What to produce: The answer should contain only the lines running from the line with "Bayram, ciğerci esnafına yaradı" to the end of the material, reproduced verbatim.

======

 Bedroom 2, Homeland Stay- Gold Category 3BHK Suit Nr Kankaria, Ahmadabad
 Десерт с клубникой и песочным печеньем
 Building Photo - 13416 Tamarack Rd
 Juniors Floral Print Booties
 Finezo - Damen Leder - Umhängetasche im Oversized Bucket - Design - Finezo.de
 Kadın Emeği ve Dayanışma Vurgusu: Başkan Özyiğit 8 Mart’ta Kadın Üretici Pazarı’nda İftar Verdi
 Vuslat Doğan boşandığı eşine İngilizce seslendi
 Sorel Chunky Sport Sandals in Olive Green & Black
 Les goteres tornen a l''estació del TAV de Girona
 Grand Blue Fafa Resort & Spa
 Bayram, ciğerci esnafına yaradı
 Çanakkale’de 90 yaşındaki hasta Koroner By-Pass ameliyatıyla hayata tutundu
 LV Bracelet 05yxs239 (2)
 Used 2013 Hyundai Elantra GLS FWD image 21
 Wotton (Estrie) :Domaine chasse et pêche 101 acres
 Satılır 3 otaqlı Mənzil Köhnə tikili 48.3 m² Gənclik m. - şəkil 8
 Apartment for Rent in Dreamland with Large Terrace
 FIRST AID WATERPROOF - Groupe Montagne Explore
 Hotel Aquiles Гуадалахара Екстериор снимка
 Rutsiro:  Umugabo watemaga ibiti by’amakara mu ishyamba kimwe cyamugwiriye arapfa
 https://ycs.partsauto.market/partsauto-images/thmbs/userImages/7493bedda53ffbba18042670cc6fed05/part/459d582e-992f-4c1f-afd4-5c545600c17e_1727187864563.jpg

======

Task response:
 Bayram, ciğerci esnafına yaradı
 Çanakkale’de 90 yaşındaki hasta Koroner By-Pass ameliyatıyla hayata tutundu
 LV Bracelet 05yxs239 (2)
 Used 2013 Hyundai Elantra GLS FWD image 21
 Wotton (Estrie) :Domaine chasse et pêche 101 acres
 Satılır 3 otaqlı Mənzil Köhnə tikili 48.3 m² Gənclik m. - şəkil 8
 Apartment for Rent in Dreamland with Large Terrace
 FIRST AID WATERPROOF - Groupe Montagne Explore
 Hotel Aquiles Гуадалахара Екстериор снимка
 Rutsiro:  Umugabo watemaga ibiti by’amakara mu ishyamba kimwe cyamugwiriye arapfa
 https://ycs.partsauto.market/partsauto-images/thmbs/userImages/7493bedda53ffbba18042670cc6fed05/part/459d582e-992f-4c1f-afd4-5c545600c17e_1727187864563.jpg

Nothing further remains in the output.